As the United States begins to scale back its fighting role in Afghanistan, it needs to confront the more important question of Pakistan's future. The United States has been a major player there for 60 years — more intensely so since the Sept. 11 attacks. If Pakistan is dangerously dysfunctional, Washington helped it get that way. Withdrawal from Afghanistan means that the United States will be less dependent on Pakistani supply lines into that country, giving Washington a rare opportunity to dramatically revise U.S. policies and practices in the strategically important nation.
Achieving the United States' interests in Pakistan ultimately depends on one thing: the security of Pakistanis. And the key to Pakistanis' security is internal reform. If Pakistanis are more justly governed, more educated, more employed and therefore more able to define and pursue a constructive national identity and interest, they will expunge terrorists to secure themselves.

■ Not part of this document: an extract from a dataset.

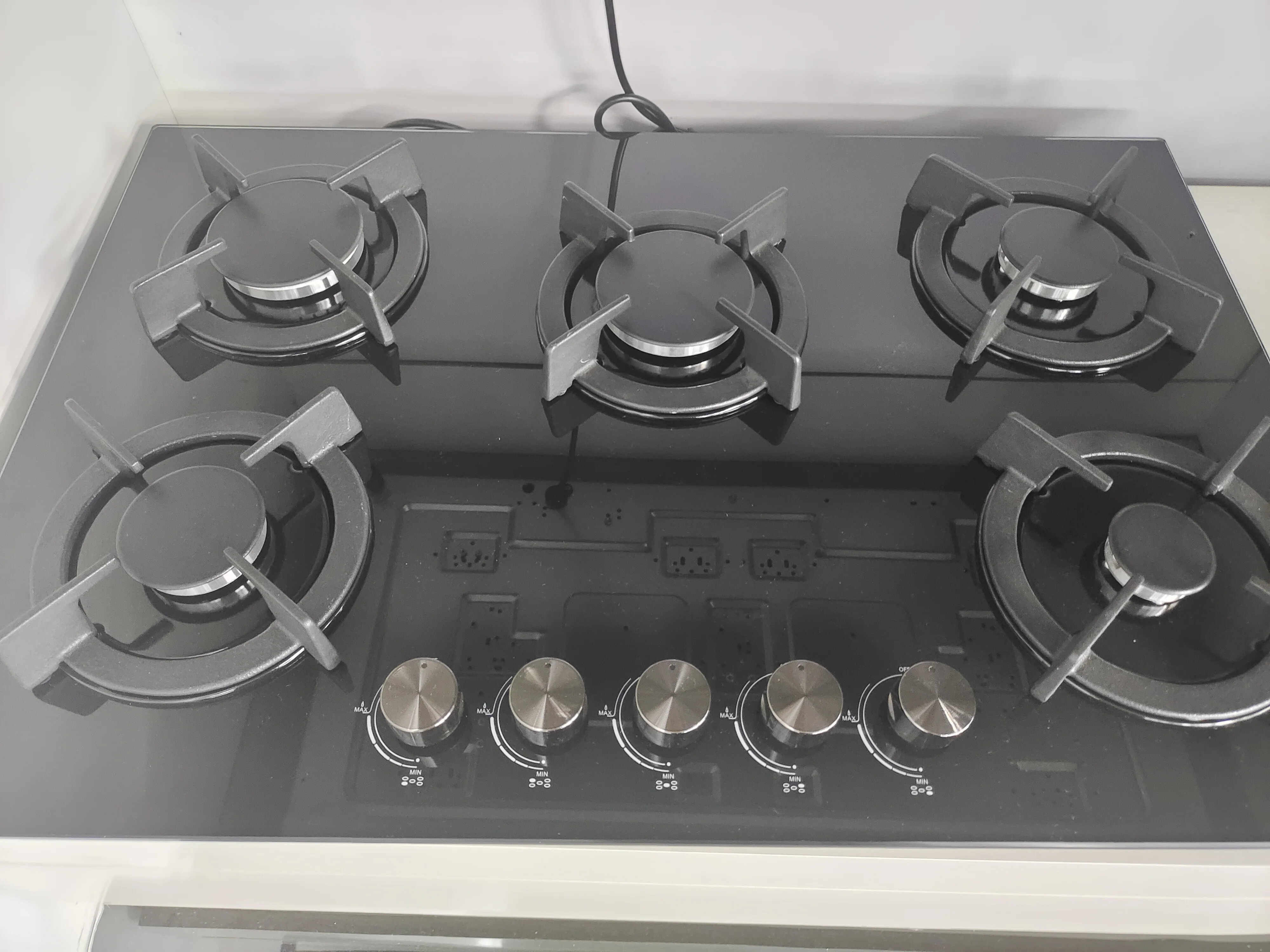 Professional Manufacturer Tempered Glass Built In Gas Stove Cooktop Gas Hob 5 Burner Aluminum Burner Built In Gas Hob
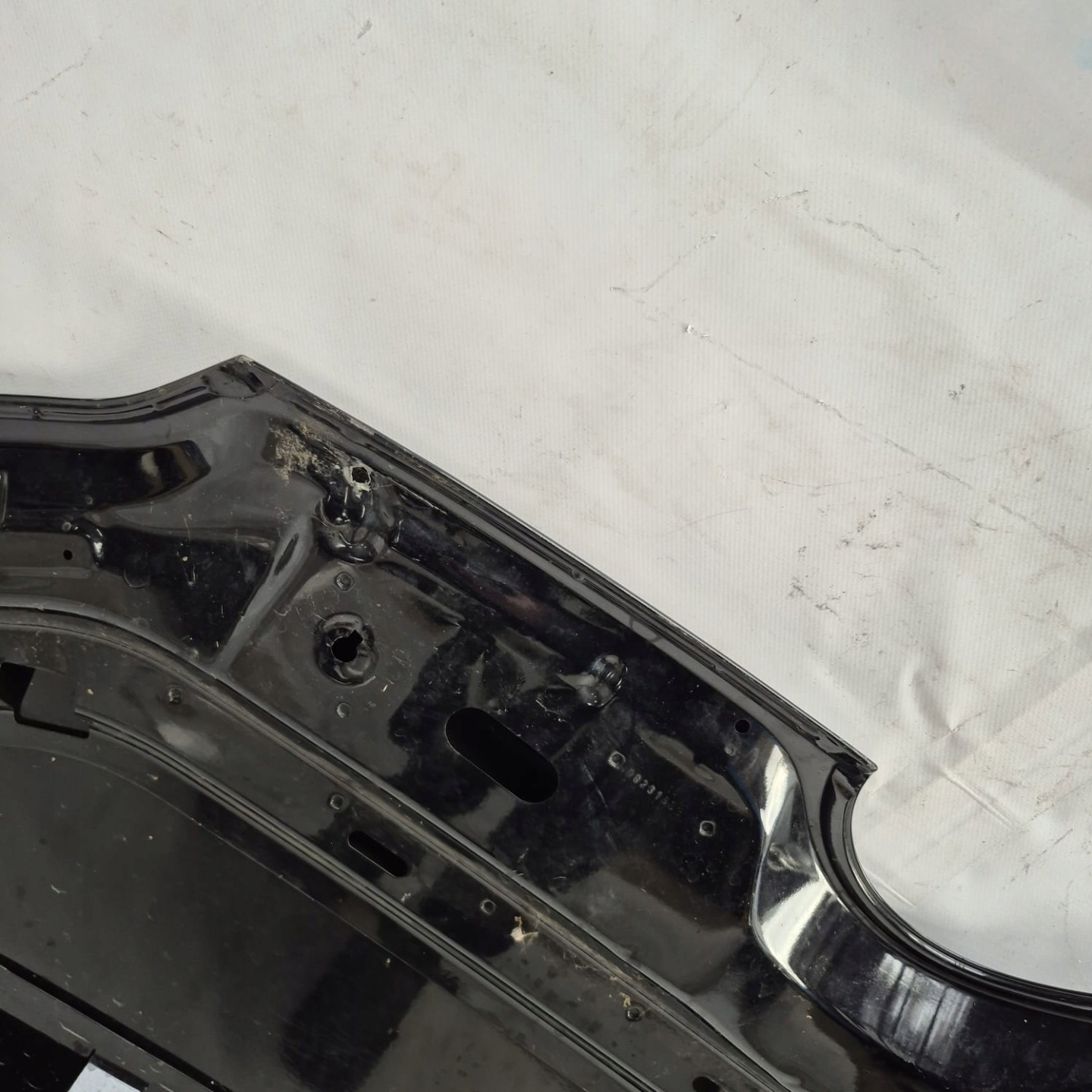 VW UP LIFT 16- Cofano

Getting from here to there may be impossible, but it certainly will not happen if the United States continues to treat Pakistan as it has until now: mainly as an instrument for fighting or spying on territory around Pakistan. For decades that posture has had the unintended but undeniable effect of empowering Pakistan's grossly oversized and hyperactive military and intelligence services at the expense of the country's civil society and progress toward effective governance. Washington's collusion with the Pakistani security establishment has amounted to enablement — the indulgence and augmentation of a friend's self-destructive outlook and actions.
Strategic change in Pakistan will come only when people who do not share the military's psychology and parochial institutional interests acquire real power. The following four U.S. policy changes would help.

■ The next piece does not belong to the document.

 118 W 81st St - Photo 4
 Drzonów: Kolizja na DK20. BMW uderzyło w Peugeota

First, Washington must give up the illusion that it can change the Pakistani military's mind-set and stop offering it money to do so. Pakistanis, especially in the Inter-Services Intelligence agency, or ISI, see Afghanistan as America's war. And the ISI is obsessed with preventing America's new favorite friend, India, from gaining inroads there. Neither money nor the threat of its withdrawal will motivate the Pakistani security establishment to fight Pashtuns and other warriors who threaten Afghanistan, India and the U.S. Rather than demand and offer to pay large sums for Pakistanis to fight people they do not think are their enemies, the U.S. could concentrate support and funding on campaigns to counter extremist violence within Pakistan.
Washington could foster Pakistan's economic development, self-regard and confidence in American intentions by removing barriers to Pakistani textile and apparel exports to the United States. Americans often profess that trade is better than aid. But to protect the tiny and unviable remaining textile and apparel sector in the United States, Congress blocks efforts to lower tariffs on Pakistani imports of these goods. By removing these protectionist tariffs, Washington would help spur Pakistan's economic growth without the psychological baggage often attached to aid when it is perceived as charity. Rather than harming the tiny American export sector, Pakistan would gain at China's and other Asian exporters' expense.

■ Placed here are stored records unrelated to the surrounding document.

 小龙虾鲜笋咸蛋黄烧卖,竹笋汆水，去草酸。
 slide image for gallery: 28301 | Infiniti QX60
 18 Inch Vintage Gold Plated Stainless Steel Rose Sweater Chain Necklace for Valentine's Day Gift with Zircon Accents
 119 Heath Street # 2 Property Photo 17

The United States also needs to correct the impression that Pakistani interests and lives mean less than the interests and lives of Indians. When Indians are killed by terrorists linked to Pakistan, the U.S. rightly decries the loss of life and demands that Pakistan bring the perpetrators to justice and curtail the operations of violent extremists. But when Pakistanis and Muslims in Kashmir and other parts of India have been the victims of terrorism, pogrom-like attacks and excessive use of state force, Washington has been relatively quiescent, not wanting to complicate improving relations with India. This demoralizes and often enrages Pakistanis, undermines U.S. credibility and makes it more difficult for progressive Pakistanis to campaign against violent extremist forces in their society.
The U.S. would be wiser to join with progressive Indians and Pakistanis in decorously speaking truth to power when India does not correct injustices that undermine regional stability.
Finally, Washington would serve American and Pakistani interests by acknowledging that well-intentioned civilian development and assistance programs — Congress authorized $7.5 billion for these purposes in 2009 — are not working as intended. There is enough money, but there are so many restrictions on it, and program administrators are rotated in and out of Pakistan so frequently, that it makes the British empire look positively sensitive and innovative by comparison. The U.S. should stop — temporarily — making new project commitments in order to give itself time to work with multinational organizations and Pakistani civil society groups, business leaders and officials with grass-roots knowledge to find a way to fund programs that actually alleviate Pakistan's internal crises.
Pakistan's security establishment will remain an impediment to healing the many internal injustices and conflicts that have kept the country from realizing the hopes of its founding. But if Washington stops doing harm and makes its support of progressive Pakistanis clearer, there is a chance that Pakistanis can step forward and renew their own country.
George Perkovich is vice president for studies at the Carnegie Endowment for International Peace and the author of a forthcoming Carnegie publication, "Stop Enabling Pakistan's Dangerous Dysfunction."